_Task statement_. Each line holding the word "visible" must appear in the answer, copied from the entries.

_Data to process_.
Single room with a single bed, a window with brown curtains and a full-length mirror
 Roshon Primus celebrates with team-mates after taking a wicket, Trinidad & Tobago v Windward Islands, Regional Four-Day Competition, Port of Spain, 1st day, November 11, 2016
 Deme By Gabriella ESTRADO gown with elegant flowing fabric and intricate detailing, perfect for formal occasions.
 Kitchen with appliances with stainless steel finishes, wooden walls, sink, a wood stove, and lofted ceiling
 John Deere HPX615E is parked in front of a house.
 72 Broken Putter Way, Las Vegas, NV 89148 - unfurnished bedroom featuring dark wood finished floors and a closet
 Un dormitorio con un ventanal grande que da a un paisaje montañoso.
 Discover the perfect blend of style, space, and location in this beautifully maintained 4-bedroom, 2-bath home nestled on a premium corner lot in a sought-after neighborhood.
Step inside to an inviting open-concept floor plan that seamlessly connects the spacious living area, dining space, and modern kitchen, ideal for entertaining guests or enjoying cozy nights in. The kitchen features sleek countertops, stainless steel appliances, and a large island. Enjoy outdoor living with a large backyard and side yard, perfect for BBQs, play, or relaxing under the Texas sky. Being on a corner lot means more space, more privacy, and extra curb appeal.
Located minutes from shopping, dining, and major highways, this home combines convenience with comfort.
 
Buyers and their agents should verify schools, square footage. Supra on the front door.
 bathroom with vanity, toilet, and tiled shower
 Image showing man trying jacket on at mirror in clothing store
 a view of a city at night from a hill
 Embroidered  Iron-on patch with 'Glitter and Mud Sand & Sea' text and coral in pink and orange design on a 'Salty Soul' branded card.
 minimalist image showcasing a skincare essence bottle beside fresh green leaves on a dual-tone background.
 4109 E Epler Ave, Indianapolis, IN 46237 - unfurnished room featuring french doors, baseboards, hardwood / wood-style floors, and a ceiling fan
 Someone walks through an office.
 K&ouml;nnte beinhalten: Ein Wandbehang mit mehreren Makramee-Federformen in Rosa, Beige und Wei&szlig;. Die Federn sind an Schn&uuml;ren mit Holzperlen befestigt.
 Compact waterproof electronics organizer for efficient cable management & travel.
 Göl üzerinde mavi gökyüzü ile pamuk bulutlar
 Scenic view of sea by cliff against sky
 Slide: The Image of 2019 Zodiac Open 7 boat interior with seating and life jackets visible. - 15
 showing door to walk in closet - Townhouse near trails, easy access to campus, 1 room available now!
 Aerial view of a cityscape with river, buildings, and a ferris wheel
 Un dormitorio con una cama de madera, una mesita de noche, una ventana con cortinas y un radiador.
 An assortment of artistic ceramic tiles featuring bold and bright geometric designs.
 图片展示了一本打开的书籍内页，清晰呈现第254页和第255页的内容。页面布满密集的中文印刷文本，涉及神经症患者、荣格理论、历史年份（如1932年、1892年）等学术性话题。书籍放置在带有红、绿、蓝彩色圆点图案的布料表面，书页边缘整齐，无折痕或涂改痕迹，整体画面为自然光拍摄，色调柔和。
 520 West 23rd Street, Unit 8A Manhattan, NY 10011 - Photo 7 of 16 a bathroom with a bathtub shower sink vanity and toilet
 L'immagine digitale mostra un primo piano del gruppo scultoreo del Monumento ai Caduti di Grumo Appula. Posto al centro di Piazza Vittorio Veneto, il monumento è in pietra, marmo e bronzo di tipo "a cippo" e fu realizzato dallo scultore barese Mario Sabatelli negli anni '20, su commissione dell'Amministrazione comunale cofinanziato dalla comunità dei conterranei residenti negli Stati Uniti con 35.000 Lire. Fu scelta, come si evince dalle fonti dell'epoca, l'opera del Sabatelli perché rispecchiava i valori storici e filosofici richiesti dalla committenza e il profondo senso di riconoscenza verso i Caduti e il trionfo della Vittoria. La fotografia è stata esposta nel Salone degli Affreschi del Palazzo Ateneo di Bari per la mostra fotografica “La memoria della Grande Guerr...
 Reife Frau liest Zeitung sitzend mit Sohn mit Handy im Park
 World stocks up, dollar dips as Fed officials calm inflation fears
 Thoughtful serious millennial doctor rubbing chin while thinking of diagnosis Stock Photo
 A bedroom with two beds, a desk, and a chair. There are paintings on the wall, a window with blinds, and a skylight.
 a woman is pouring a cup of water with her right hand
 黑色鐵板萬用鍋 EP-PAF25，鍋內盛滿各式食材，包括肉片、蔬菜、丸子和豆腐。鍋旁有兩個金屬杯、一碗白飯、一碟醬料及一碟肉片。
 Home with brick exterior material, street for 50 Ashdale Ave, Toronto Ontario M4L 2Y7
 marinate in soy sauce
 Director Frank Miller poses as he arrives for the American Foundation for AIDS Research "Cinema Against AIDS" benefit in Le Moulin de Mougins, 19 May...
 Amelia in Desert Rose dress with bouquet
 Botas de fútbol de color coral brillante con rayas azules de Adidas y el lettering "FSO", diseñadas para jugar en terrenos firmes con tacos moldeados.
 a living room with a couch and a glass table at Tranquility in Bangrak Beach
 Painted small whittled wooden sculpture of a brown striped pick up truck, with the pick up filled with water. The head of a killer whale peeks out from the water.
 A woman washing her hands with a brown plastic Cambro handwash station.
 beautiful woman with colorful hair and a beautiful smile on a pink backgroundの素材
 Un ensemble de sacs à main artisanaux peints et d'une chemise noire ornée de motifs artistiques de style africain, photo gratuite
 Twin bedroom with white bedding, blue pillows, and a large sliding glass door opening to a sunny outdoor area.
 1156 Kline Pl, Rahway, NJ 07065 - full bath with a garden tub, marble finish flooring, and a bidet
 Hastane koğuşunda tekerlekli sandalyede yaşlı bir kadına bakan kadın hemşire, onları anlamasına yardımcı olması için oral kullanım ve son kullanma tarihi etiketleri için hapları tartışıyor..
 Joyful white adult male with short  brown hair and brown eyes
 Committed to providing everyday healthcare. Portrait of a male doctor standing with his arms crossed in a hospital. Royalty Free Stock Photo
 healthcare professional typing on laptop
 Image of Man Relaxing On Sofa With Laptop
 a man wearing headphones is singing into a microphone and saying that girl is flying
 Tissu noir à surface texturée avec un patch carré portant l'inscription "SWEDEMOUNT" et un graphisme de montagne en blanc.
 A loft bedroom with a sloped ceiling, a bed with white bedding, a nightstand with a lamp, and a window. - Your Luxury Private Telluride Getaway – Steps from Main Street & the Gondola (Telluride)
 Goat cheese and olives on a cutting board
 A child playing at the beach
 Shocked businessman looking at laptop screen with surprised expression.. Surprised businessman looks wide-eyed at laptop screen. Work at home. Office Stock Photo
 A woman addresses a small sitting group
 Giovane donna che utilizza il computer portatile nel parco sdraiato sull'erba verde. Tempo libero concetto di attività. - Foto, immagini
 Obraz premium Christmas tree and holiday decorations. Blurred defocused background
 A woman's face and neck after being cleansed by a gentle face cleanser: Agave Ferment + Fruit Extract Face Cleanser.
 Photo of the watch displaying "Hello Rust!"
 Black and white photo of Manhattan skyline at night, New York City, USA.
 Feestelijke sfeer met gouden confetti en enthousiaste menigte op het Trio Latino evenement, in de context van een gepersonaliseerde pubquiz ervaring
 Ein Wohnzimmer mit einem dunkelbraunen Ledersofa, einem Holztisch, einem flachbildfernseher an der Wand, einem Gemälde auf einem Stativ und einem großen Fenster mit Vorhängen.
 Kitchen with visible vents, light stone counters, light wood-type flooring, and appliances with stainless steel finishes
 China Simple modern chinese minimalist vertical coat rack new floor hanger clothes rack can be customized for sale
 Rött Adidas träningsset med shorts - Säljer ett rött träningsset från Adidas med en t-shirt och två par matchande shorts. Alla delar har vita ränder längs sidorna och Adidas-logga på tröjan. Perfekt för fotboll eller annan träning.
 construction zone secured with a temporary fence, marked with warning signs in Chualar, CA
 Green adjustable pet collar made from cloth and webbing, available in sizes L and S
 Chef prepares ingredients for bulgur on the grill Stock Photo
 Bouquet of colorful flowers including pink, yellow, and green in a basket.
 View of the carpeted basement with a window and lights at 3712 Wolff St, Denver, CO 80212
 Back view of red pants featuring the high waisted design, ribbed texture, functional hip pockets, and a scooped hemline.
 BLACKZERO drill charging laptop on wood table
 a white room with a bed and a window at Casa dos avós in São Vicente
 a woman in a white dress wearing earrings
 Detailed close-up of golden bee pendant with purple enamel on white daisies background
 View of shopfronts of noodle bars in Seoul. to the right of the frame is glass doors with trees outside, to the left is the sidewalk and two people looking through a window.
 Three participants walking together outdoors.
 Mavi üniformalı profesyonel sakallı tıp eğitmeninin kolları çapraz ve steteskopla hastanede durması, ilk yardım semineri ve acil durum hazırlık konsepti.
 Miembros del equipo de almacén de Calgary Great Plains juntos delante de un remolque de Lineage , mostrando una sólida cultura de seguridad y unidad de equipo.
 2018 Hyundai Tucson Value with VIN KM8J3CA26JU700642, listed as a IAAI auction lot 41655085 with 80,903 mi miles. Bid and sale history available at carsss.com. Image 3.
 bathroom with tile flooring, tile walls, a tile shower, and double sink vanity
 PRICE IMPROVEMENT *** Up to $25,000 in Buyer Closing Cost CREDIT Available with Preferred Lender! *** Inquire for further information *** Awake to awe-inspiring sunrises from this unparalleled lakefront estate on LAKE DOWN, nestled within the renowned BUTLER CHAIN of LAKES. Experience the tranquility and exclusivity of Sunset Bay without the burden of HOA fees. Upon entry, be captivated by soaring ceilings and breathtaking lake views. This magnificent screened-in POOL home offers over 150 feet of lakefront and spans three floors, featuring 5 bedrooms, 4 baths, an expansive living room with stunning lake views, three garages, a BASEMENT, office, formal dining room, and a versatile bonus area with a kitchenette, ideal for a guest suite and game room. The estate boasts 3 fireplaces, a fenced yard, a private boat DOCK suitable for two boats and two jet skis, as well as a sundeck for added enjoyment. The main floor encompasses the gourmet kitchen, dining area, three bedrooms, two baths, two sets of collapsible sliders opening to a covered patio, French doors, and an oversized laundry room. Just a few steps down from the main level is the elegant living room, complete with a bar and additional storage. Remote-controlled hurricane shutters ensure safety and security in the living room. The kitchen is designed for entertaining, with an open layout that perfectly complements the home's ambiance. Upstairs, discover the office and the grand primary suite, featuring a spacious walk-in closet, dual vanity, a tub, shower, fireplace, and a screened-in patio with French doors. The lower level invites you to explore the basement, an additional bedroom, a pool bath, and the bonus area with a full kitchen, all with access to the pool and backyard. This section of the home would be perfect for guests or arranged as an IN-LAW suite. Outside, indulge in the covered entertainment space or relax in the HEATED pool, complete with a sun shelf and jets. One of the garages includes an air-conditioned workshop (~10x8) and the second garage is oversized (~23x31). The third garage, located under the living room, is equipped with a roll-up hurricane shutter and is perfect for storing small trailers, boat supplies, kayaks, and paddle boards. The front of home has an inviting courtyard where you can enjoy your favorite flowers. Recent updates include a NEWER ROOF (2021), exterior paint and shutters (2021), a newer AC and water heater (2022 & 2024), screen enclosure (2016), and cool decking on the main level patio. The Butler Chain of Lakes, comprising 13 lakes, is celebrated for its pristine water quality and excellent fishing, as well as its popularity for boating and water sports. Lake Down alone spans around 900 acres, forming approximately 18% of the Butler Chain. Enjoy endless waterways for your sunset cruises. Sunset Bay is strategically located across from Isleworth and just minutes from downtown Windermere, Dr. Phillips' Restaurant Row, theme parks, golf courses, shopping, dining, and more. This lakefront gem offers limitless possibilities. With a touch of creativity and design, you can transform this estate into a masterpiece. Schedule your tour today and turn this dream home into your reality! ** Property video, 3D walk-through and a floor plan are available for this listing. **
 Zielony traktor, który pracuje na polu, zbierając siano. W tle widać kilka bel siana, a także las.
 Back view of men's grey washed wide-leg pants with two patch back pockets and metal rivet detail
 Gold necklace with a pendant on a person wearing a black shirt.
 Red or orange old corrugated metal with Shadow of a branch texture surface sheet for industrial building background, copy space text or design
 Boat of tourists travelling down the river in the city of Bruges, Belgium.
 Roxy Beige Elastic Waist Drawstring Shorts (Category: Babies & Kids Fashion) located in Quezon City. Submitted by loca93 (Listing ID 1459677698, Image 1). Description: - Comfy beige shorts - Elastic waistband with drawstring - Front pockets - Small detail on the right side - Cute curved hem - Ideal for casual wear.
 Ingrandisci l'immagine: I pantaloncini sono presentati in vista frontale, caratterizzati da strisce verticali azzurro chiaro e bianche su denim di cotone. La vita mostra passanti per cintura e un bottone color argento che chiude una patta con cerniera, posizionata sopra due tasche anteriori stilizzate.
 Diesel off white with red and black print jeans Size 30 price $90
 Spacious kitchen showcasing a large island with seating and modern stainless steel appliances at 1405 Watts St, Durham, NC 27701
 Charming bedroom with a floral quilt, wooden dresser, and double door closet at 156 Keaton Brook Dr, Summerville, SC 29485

_Answer box_.
 Slide: The Image of 2019 Zodiac Open 7 boat interior with seating and life jackets visible. - 15
 Kitchen with visible vents, light stone counters, light wood-type flooring, and appliances with stainless steel finishes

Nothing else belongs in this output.